1) verbal suffix (that is, the suffix affixed to a root, dhātu, in order to make a finite verbal form, or an infinite, or a gerund)
2) verbal form (that is, the suffix+the modifications of the verbal base, except the root part)
3) finite verb
The third meaning is presupposed by classifications of words found in Nirukta and Mahābhāṣya and opposing nouns, prepositions and ākhyāta. However, in such classifications the point of what a root-part is is just not taken into account (one just classifies words as they can be actually found in usage).
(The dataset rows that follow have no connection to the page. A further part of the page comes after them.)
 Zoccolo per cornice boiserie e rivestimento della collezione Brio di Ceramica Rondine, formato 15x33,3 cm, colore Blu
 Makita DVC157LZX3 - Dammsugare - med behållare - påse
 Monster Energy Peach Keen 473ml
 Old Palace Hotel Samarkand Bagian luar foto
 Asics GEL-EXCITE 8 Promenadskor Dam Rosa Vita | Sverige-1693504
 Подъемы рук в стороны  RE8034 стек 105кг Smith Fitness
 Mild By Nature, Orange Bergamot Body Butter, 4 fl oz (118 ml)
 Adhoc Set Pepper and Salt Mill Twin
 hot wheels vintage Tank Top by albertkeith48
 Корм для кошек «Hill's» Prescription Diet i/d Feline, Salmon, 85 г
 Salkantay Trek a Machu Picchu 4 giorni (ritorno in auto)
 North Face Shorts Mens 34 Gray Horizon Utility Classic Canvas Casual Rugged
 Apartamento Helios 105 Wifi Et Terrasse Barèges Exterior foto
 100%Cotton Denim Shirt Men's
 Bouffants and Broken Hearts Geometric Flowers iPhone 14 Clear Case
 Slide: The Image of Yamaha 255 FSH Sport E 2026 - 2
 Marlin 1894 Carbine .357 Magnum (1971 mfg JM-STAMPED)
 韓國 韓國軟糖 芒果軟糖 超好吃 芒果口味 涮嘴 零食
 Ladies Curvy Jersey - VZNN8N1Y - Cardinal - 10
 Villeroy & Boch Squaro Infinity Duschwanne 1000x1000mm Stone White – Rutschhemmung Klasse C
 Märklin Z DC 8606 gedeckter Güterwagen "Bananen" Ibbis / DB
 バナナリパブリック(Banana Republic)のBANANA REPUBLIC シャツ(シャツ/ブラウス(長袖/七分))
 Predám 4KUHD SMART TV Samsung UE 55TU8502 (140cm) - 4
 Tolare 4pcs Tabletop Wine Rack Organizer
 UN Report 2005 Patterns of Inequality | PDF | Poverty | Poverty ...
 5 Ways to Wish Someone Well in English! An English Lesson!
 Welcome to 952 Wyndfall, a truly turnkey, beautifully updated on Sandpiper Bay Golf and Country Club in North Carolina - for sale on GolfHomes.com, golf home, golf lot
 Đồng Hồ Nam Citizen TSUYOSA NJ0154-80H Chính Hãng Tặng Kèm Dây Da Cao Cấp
The first translation mostly fits, and liṅ-s are in different parts of a single text (Tantrarahasya) called both ākhyāta and pratyaya (as if the two terms were synonyms). However, 1) clashes with the above referred classification. So, the second translation seems the best one, although it presupposes a formalization independent of the actual morphemes (that is, if ākhāta were to mean “verbal form” as explained in 2), one would not be able to indicate it). A dhātu or a pratyaya can be indicated as, e.g., kṛ-, a verbal form cannot, since it “lies” both in the ending and in modifications of the root. Were Indian authors able to such a level of abstraction? Maybe yes, since they could conceive the coexistence of an ākyāta-part and a liṅ-part in the same ending of, say, yajeta. Yet, “verbal form” is not perspicuous enough.